Researchers at the Central Drug Research Insitute (CDRI), Lucknow, recently synethesized a class of chemical compounds which have strong anti-oxidant and anti-dyslipidemic activity, adding to the arsenal of potential drugs targeting lifestyle disorders like obesity and diabetes.
The famous Turkish cardiothoracic surgeon Mehmet Öz once said, “Your genetics load the gun. Your lifestyle pulls the trigger.” Our sedentary and stressful lifestyle may be responsible for the rise of cardiovascular diseases, diabetes, obesity, increased blood pressure, lipid imbalance and more. In a recent study led by Amit Gupta and Anil Saxena at the Central Drug Research Institute, Lucknow, researchers synthesized a novel class of chemical moiety with anti-oxidant activity, which counteracts the imbalance of lipids, especially cholesterol, in the blood.
Dyslipidemia is a metabolic disorder characterised by an increase in total cholesterol, low-density lipoproteins (LDLs) (also called bad cholesterol) and triglyceride levels, along with a drop in high-density lipoproteins (HDLs) (also called good cholesterol). Elevated LDL-cholesterol levels alone or in combination with oxidative stress lead to increased risk of cardiovascular diseases and diabetes.
The current armoury of cholesterol-lowering drugs like statins, niacin derivatives, etc. often exhibit side-effects. This calls for discovering new potential cholesterol-lowering molecules, which can correct lipid imbalance and reduce high glucose levels (hyperglycemia) to treat various metabolic diseases and lifestyle disorders.
In view of this, the researchers synthesised a novel chemical moiety, oxopropylindole hydrazone, which can serve as an excellent lead compound for future drug design efforts. “It was previously known that the oxopropylindole ring of tryptophan and hydrazone are used separately as therapeutic options for different metabolic diseases. Therefore, we thought of integrating both moieties to synthesise a single hybrid molecule, possessing combined properties,” says Gupta.
In normal conditions, cell repair or cell death events trigger lipid oxidation. However, stress or lifestyle-associated metabolic disorders release free radicals that not only oxidise lipids but also damage other cells, which aggravates the problem of lipid imbalance.

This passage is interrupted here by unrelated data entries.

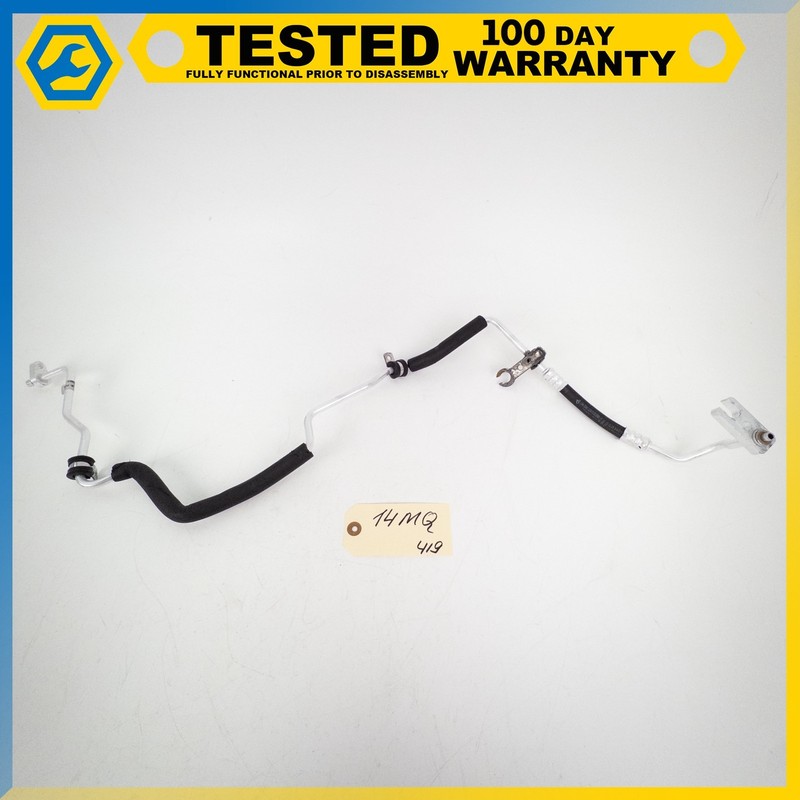 14-19 MASERATI QUATTROPORTE GHIBLI AC AIR CONDITION CONDENSER HOSE TUBE PIPE OEM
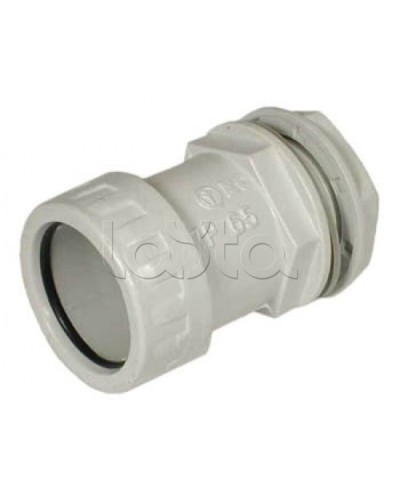 Муфта «труба-коробка» D16 мм , без галогена Экопласт 42716HF в Кемерово Аксессуары для труб (ОКЛ) Экопласт Pintop.ru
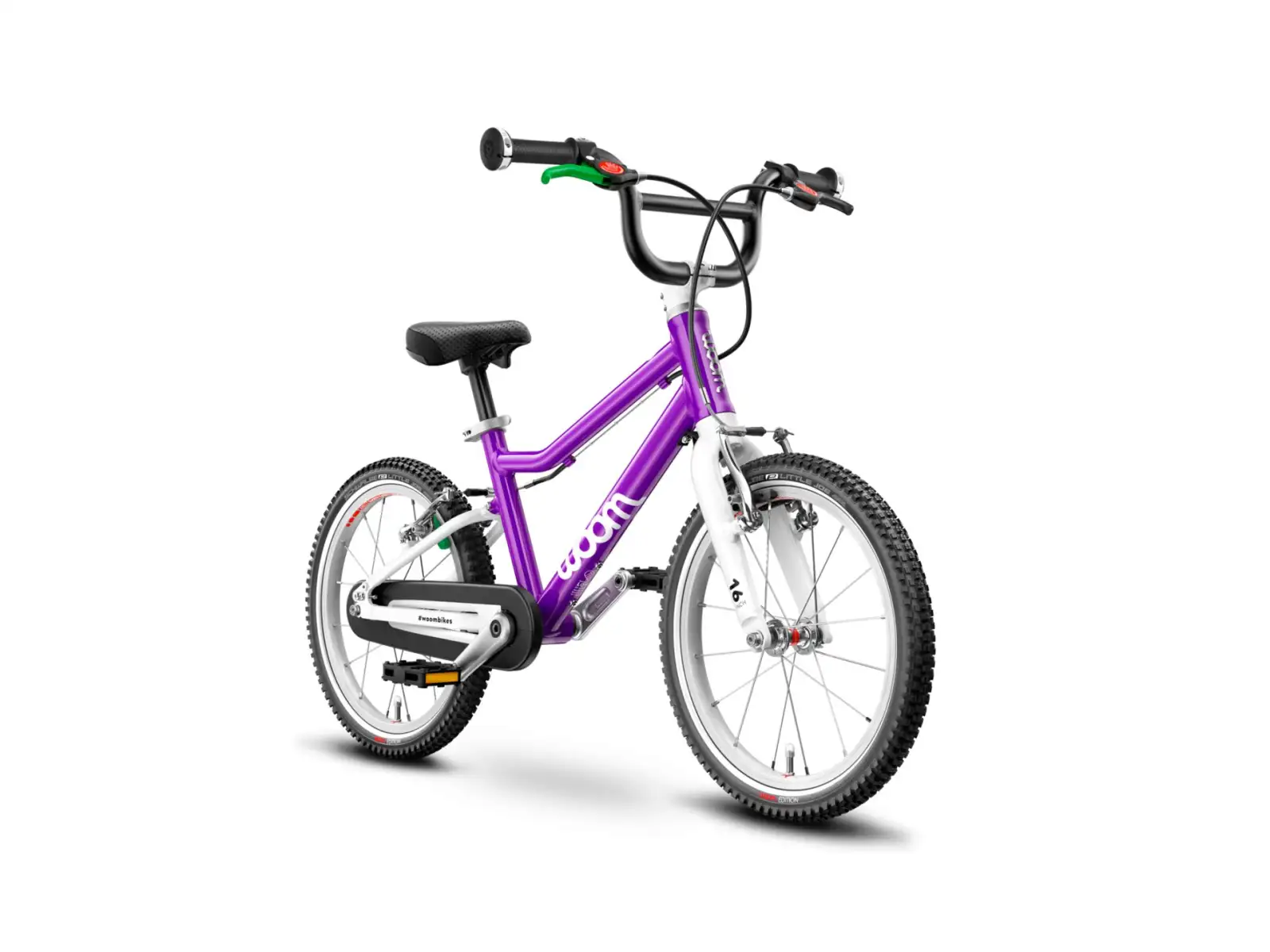 Woom 3 Purple 16 detský bicykel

Therefore, the researchers designed and synthesised twelve derivatives of the hybrid molecule and screened for anti-oxidant, anti-hyperglycemic and anti-dyslipidemic activity. To test these activities, the researchers injected mice with Triton, a chemical agent, to induce dyslipidemia and then administered the derivatives. Interestingly, two of the twelve derivatives exhibited good anti-oxidant, anti-hyperglycemic, anti-adipogenic activity and were able to reduce LDL oxidation, triglyceride and total cholesterol levels.
However, the researchers didn’t stop at identifying the chemical derivatives with the best anti-dyslipidemic activity. “The real challenge was finding the important interactions responsible for the biological activity,” says Gupta, “In order to comprehend this, knowledge about the 3D structure of the target and its interaction with different functional groups of drugs is important.”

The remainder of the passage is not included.